Die Kindheit des Tänzers in den Armenvierteln Havannas ist vom Konflikt mit dem Vater geprägt, einem LKW-Fahrer, der den Jungen gegen dessen Willen zur Ballettschule zwingt und ihn so aus der Familie und der vertrauten Umgebung reißt. Der Film erzählt von Acostas Anpassungsschwierigkeiten in der Fremde, in der ungewohnten Umgebung in London und anderswo. Yuli ist eine gebrochene Figur, einer der immer, auch auf dem Gipfel des künstlerischen Triumphs, von einer tiefen Sehnsucht nach seiner Familie und seinen kubanischen Wurzeln gequält wird.
Carlos Acosta spielt auch den Protagonisten, eine Art Regisseur im Film, der die Fragmente seines Lebens betrachtet: die Spielfilmszenen mit jüngeren Schauspielern und Tänzern sowie Elementen des experimentellen Tanztheaters. Über seine Lebensgeschichte hinaus rekapituliert der Film die Geschichte der Sklaverei auf Kuba, erzählt in einer Mischung aus Spielfilm, Ballett und persönlichem Engagement von zerrissenen Familien und dem Schicksal von Acosta. Sein Vater Pedro wird dabei sehr eindringlich und facettenreich von Santiago Alfonso verkörpert, einem der bekanntesten kubanischen Choreographen und einem der ersten Lehrer von Carlos Acosta. Der Film zeigt die Einsamkeit des Tänzers, aber auch wichtige Begegnungen wie etwa mit der Tanzlehrerin, die ihn immer wieder zum Weitermachen animiert, meisterhaft dargestellt von der kubanischen Schauspielerin Laura de la Uz.

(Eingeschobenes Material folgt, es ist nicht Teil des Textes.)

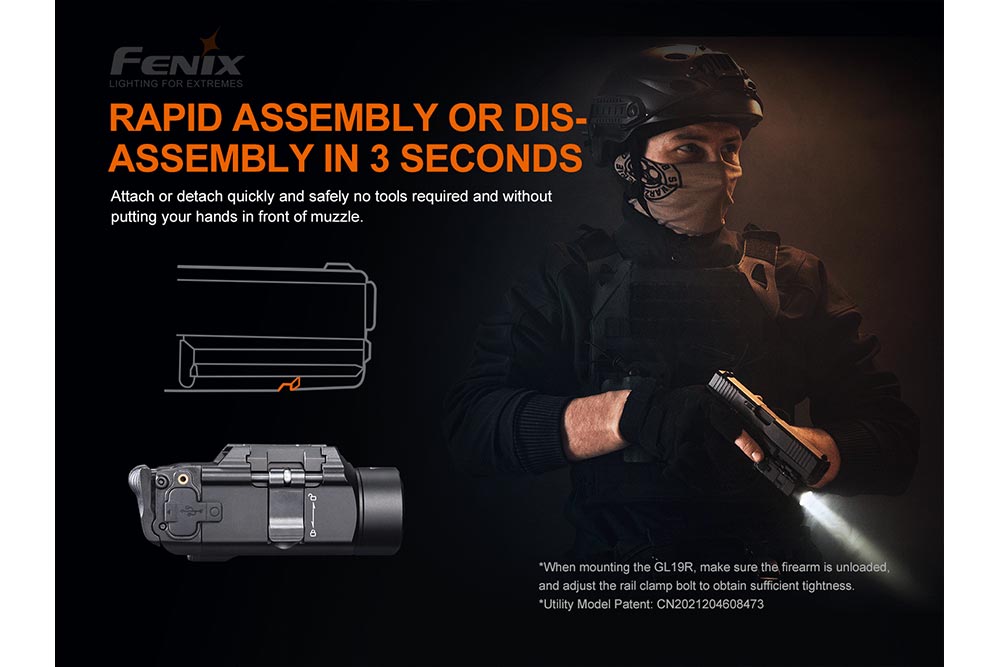 Fenix GL19R Rechargeable Tactical Light - Discontinued, , Fenix Store, at Festive Water Paddlesports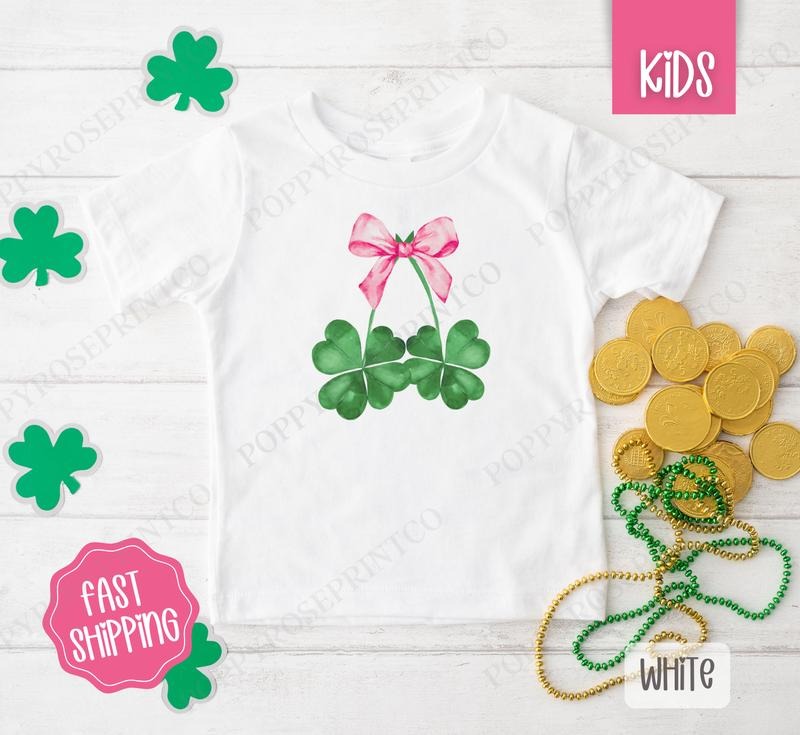 Clover Bow Kids Shirt - St Patrick's Day Children's Tshirt - Cute Youth Tee Gildan Hoodie, Sweatshirt | ZylaModa.com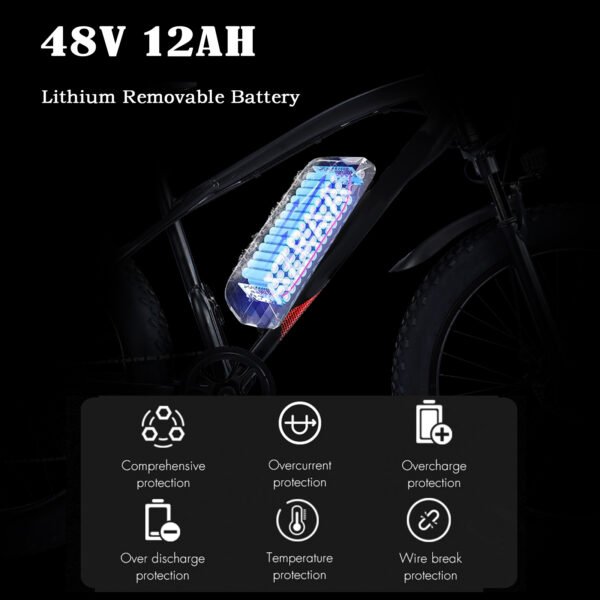 AZRAA Trailblazer 27.5"x3.8" Hybrid Snow/City E-Bike – 48V 12.5Ah Battery, 750W Motor, Belt Drive, Hidden Battery Design, Commuter & Off-Road Ready - Image 13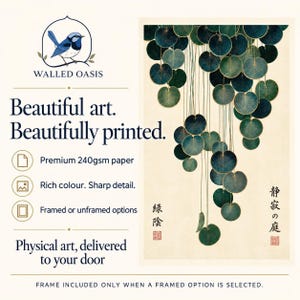 The image is an advertisement for Walled Oasis, featuring a beautiful art print of a hanging plant with green leaves and gold circles. The ad highlights the print as "Beautiful art. Beautifully printed." and lists the features of the print, including premium 240gsm paper, rich color, sharp detail, framed or unframed options, and physical art delivered to your door. The ad also mentions that the frame is included only when a framed option is selected.
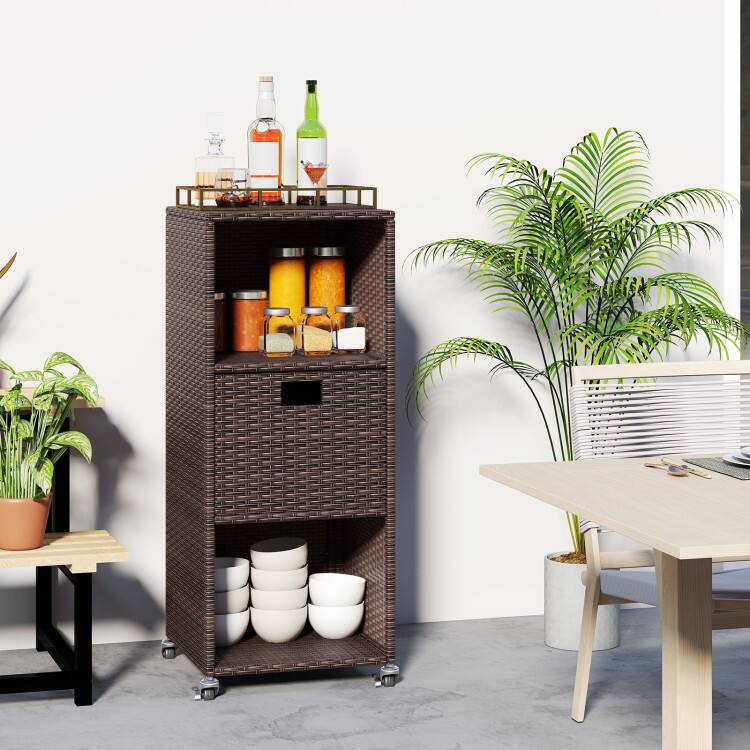 Angle. Mondawe - Outdoor Storage Cabinet with Drawer and 3 Shelves for Backyard - Mix Brown.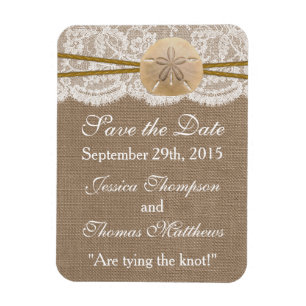 Magnet Flexible La collection de mariages de plage de sable rustiq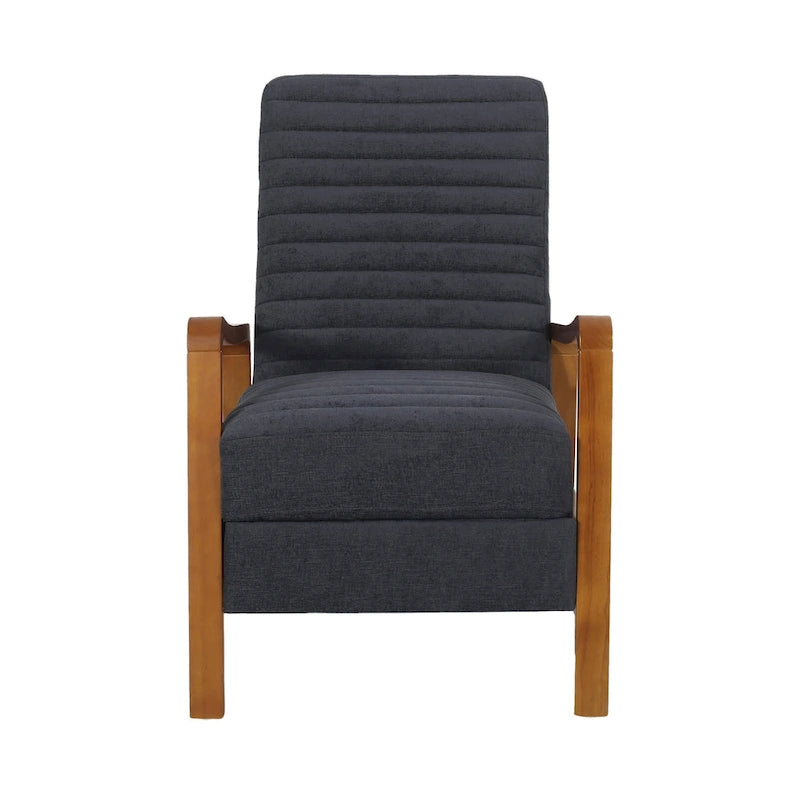 Mid-Century Modern Push-Back Recliner Chair, Channel Stitch, Rubberwood Frame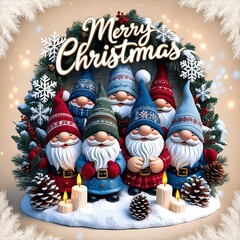 Santa Claus Merry Christmas Cute Gnome Christmas Wallpaper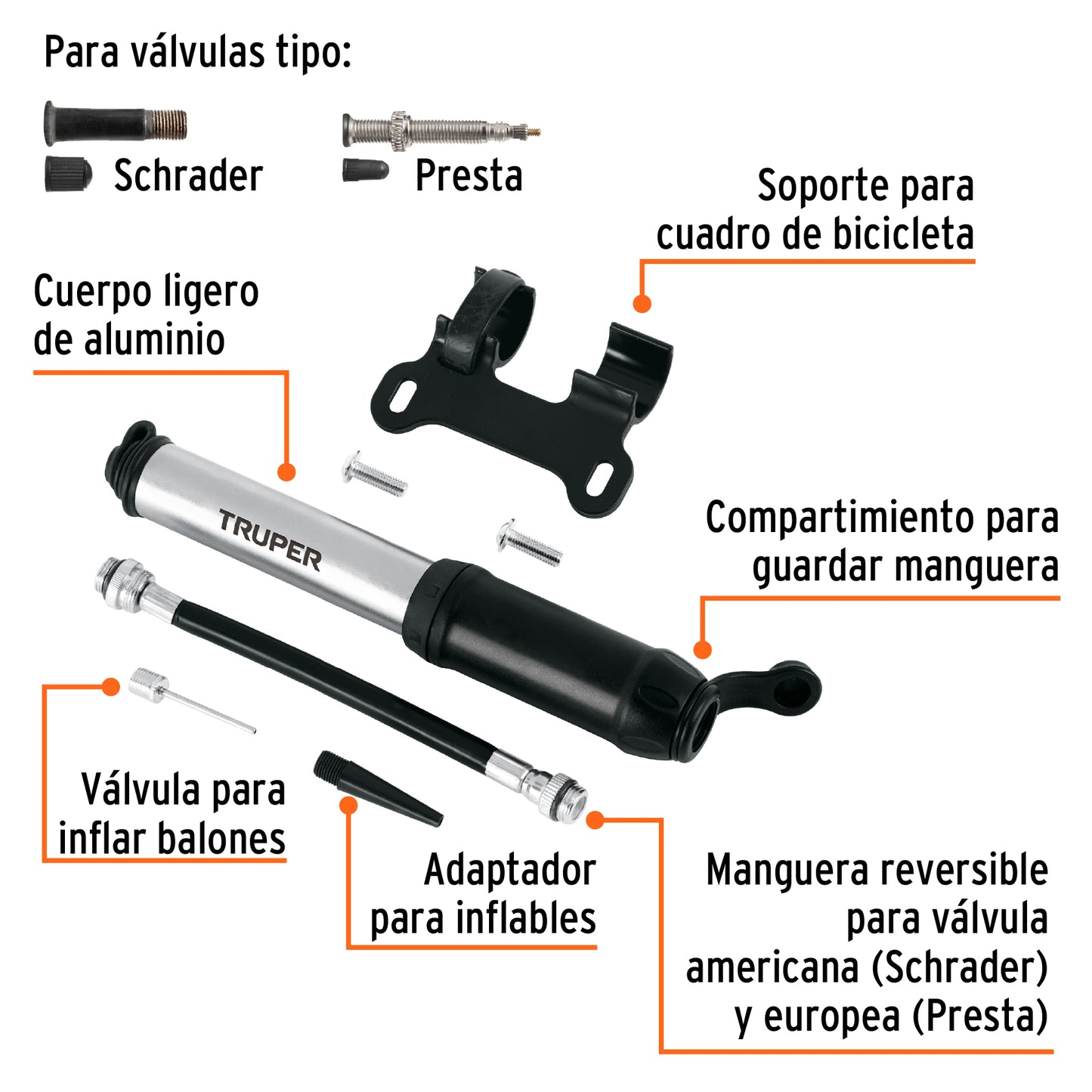Mini bomba manual para bicicleta de aluminio con manguera reversible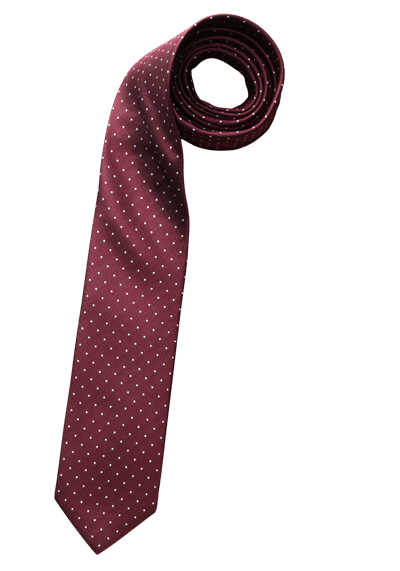 OLYMP Krawatte slim 6,5 cm breit aus reiner Seide Fleckabweisend Punkte rot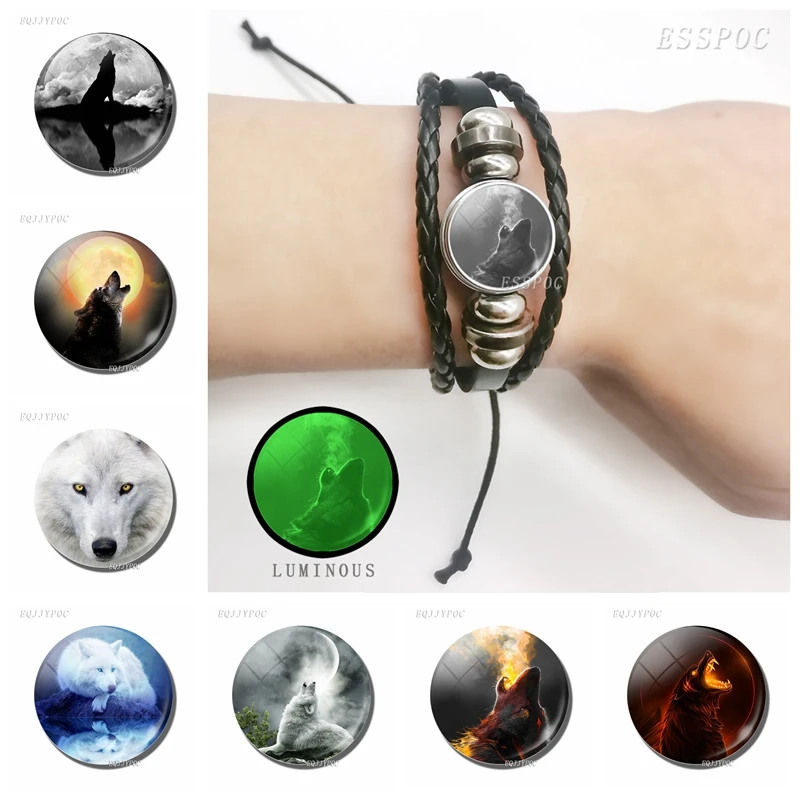 Новый модный светящийся в темноте Воющий мужской черный тканый браслет с волчьим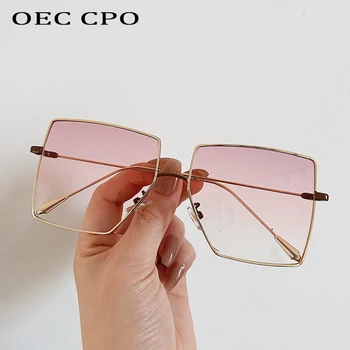 OEC CPO Prevelik Kvadratnih sončna Očala Ženske Modni Prosojni Odtenki sončna Očala Moških Ravno Top Zlitine Očala UV400 Gafas de sol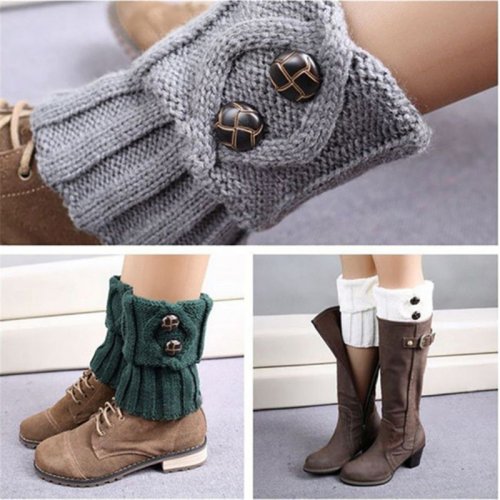 Afbeelding van Gebreide beenwarmer Korte beenwarmers Boot Cover Warme sokken Manchetten Thermische dameslegging Gehaakte voet Enkelwarmers Winter Dames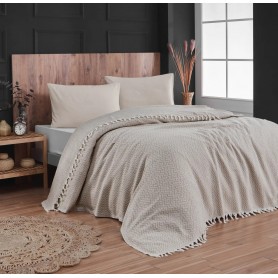 Памучна кувертюра с ресни 220/240 Jacquard Beige 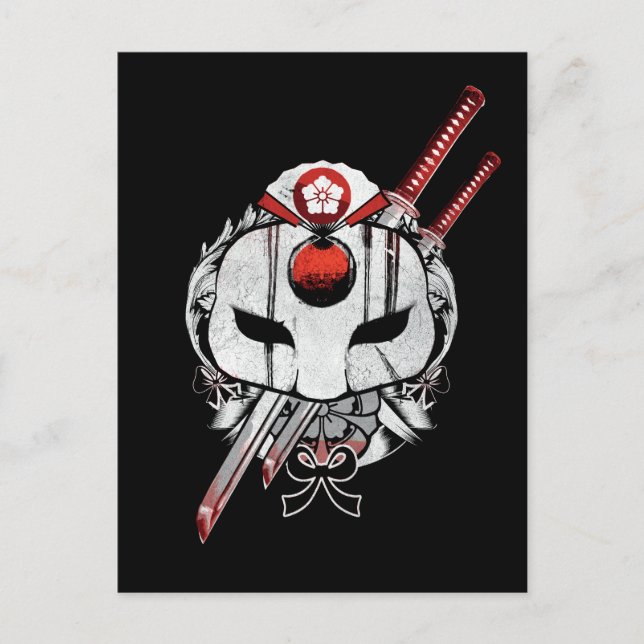 Carte Postale Suicide Squad | Katana Mask & Swords Tattoo Art (Devant)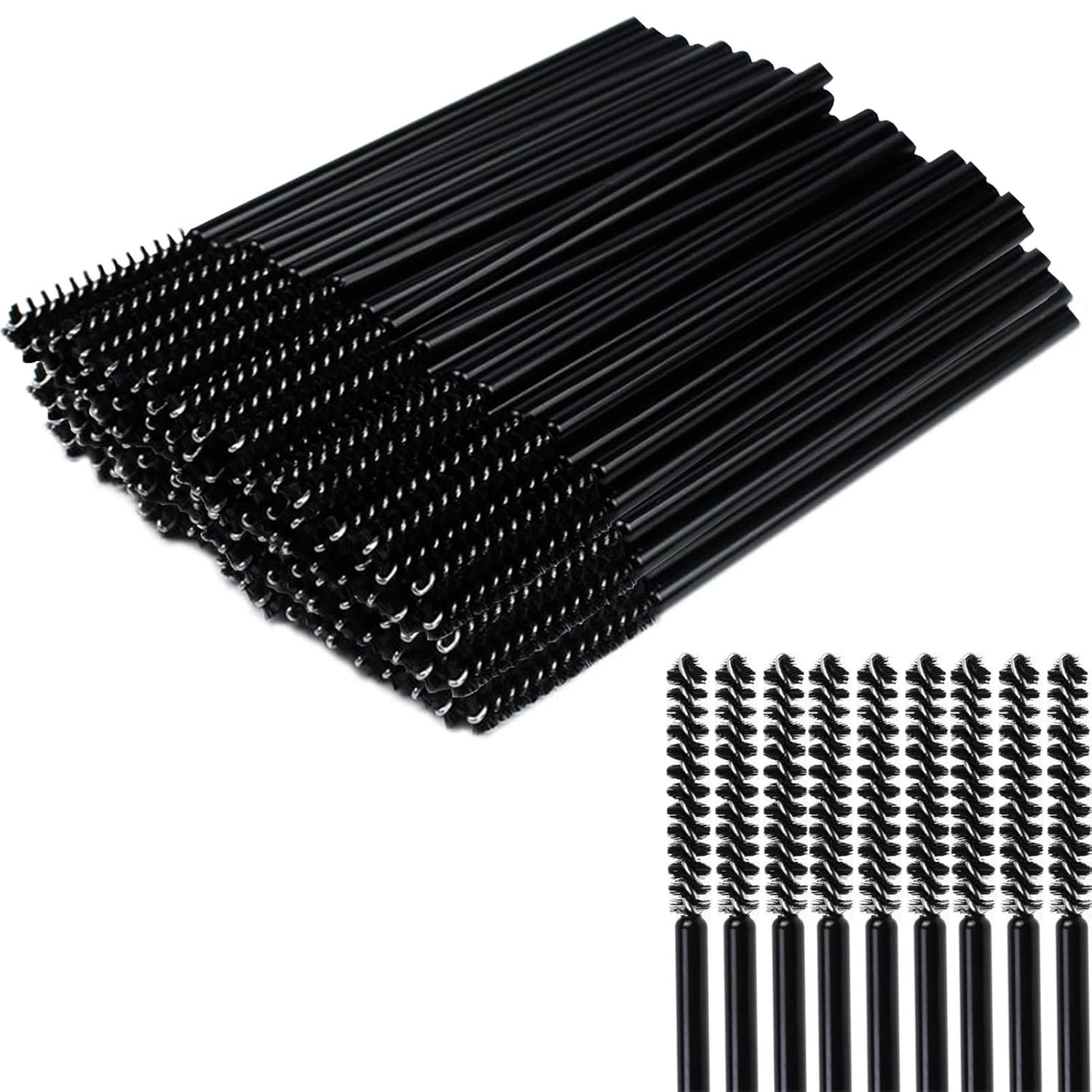 50 Pcs Disposable Eyelash Mascara Mini Brushes for Eye Lashes Extension Black
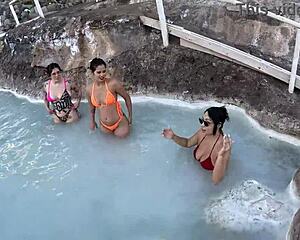 sexy latina's mountain car bath turns to pussy licking sex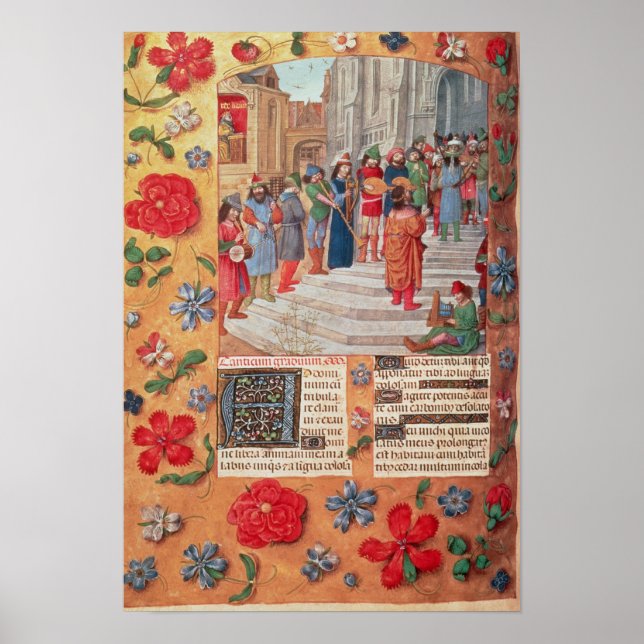 Kung David och Musician, från Breviary Poster (Framsidan)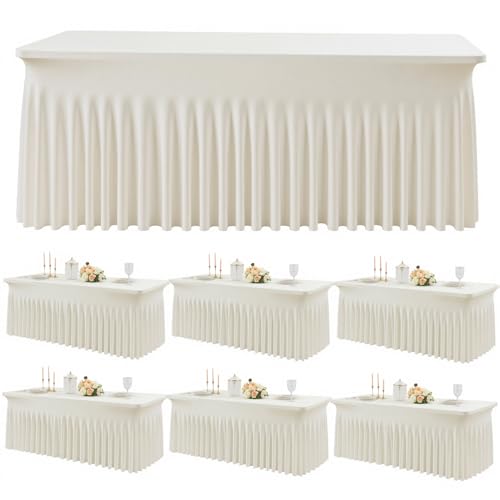 Image of Outpain 6ft Spandex Table Cloth for Standard Folding Tables-6Pack Ivory Table Cloth Table Protector for Party, Wedding, Cocktail, Banquet, Festival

Zwischen London und Havanna
Im Rohbau der nie vollendeten Kunsthochschule von Havanna träumt Yuli immer wieder von einem künstlerischen Neubeginn. Im wirklichen Leben pendelt Acosta zwischen London und Havanna und hat dort ein Theater für zeitgenössische Tanzkunst gegründet. In Kuba wurde der Film auf dem Festival des lateinamerikanischen Films begeistert gefeiert. Acostas Autobiografie durfte auf der Insel bislang nicht erscheinen; vielleicht ändert sich das, wenn der Film erst einmal in den kubanischen Kinos laufen wird.
Mit seiner faszinierenden Erzählstruktur, einer Mischung aus Traum, Erinnerung und Wirklichkeit, die an die besten Tanzfilme von Carlos Saura erinnert, mit der brillanten Bildgestaltung von Alex Catalán, die gängige Kubaklischees meidet, mit der sinfonischen Musik von Alberto Iglesias sowie den ausgezeichneten kubanischen Schauspielern ist „Yuli“ weder eine moralisierende Biografie noch eine moderne Heiligengeschichte aus dem Showgeschäft. Auch keine „Billy Elliot“-Paraphrase, kein Drama um filigrane Söhne, deren homophobe Väter sie nicht Musiker oder Tänzer werden lassen. Sondern eine vielschichtige Verarbeitung der Vergangenheit eines Künstlers und einer ganzen Nation.